In literature, the Paraphrase Text Reuse Detection problem has been explored for English as well as some other European languages, but it has not been investigated for the Urdu language because of the non-availability of the Urdu paraphrase text reuse detection corpus. Therefore, to fulfill this gap this study aims to develop a large-scale gold standard benchmark Urdu Paraphrase Text Reuse Corpus (UPTRC) for the Urdu text reuse detection with special emphasizes on paraphrase text reuse detection for Urdu language. In addition, we have applied the baseline approaches (N-Gram Based Approaches) and proposed other approaches including Word Embedding Based Approaches, Sentence Transformers Based Approaches, and other Feature Fusion Approaches for Urdu Paraphrase Text Reuse Detection (UPTRD). However, Urdu Short Text Reuse Detection (USTRD) has been explored at the sentence level, passage level and document level along with different approaches that have been previously applied on Urdu Short Text Reuse Corpus (USTRC). Nonetheless, the USTRD task has only been explored with lexical and semantic approaches on USTRC but has not been explored with state-of-the-art Sentence Transformers Based Approaches and Word Embedding Based Approaches. The Sentence Transformers Based Approaches are used in a variety of applications and natural language processing tasks, especially for semantic text similarity and duplicate pair detection. But the Sentence Transformers has not been explored for Urdu text reuse detection. So, there is a need to explore the Sentence Transformers Based Approaches on the USTRC corpus for the task of USTRD.

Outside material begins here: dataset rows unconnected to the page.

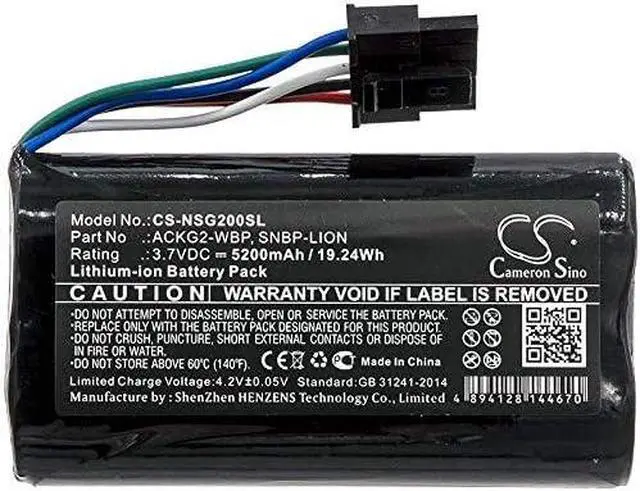 Alt view image 2 of 4 - XPS Replacement Battery for NetScout AirCheck G2 WLAN Tester, Aircheck G2 PN SNBP-Lion, ACKG2-WBP 5200mAh 3.7V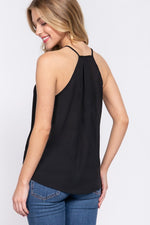 V-Neck Surplice Woven Cami Top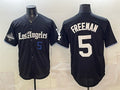 Los Angeles Dodgers #5 Freddie Freeman Black 2025 World Series Champions Patch 'Gothic Edition' Vapor Premier Limited Stitched Baseball Jersey
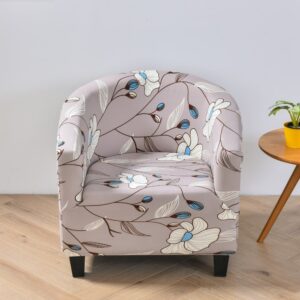 Floral Straw-Ground Cover for a cabriolet armchair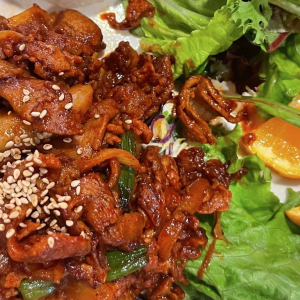 Spicy Pork Rice Bowl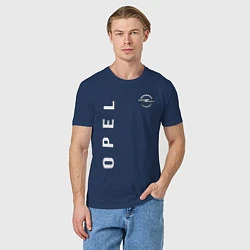 Футболка хлопковая мужская Opel, цвет: тёмно-синий — фото 2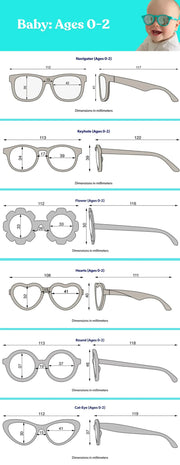 Babiator Non-Polarized Keyhole Sunglasses Mint to Be (Includes MicrofiberPrinted Bag)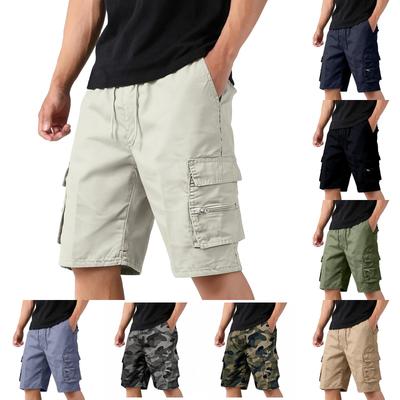 Herren Freizeit-Five-Pocket-Hose - Locker, Mehrere Taschen, Outdoor-Sportshorts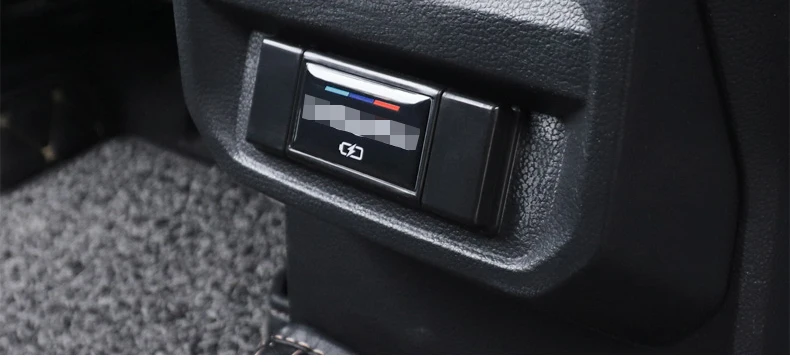 Для Tiguan второго поколения- Автомобильный задний USB Анти-защита от ударов чехол для автомобиля украшение интерьера аксессуары для автомобиля Стайлинг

In this study, along with the corpus construction, we have applied the N-Gram Based Approaches as baseline and proposed new approaches including Word Embedding Based Approaches, Sentence Transformers Based Approaches, and Feature Fusion Approaches for our proposed UPTRC corpus. We have proposed applied compared and evaluated same approaches for USTRC corpus as well as our proposed corpus to investigate the performance of our proposed approaches. The best results obtained were the weighted average of F1 = 0.855607 by our proposed Feature Fusion Approaches for the task of UPTRD on our proposed UPTRC corpus. In the case of the USTRC corpus, our proposed Feature Fusion Approaches still outperformed the baseline approaches for ternary classification with F1 = 0.715164. The performance of the proposed approaches for both corpora is evaluated and reported using the weighted average of Precision (P), Recall (R), and F1 evaluation measures.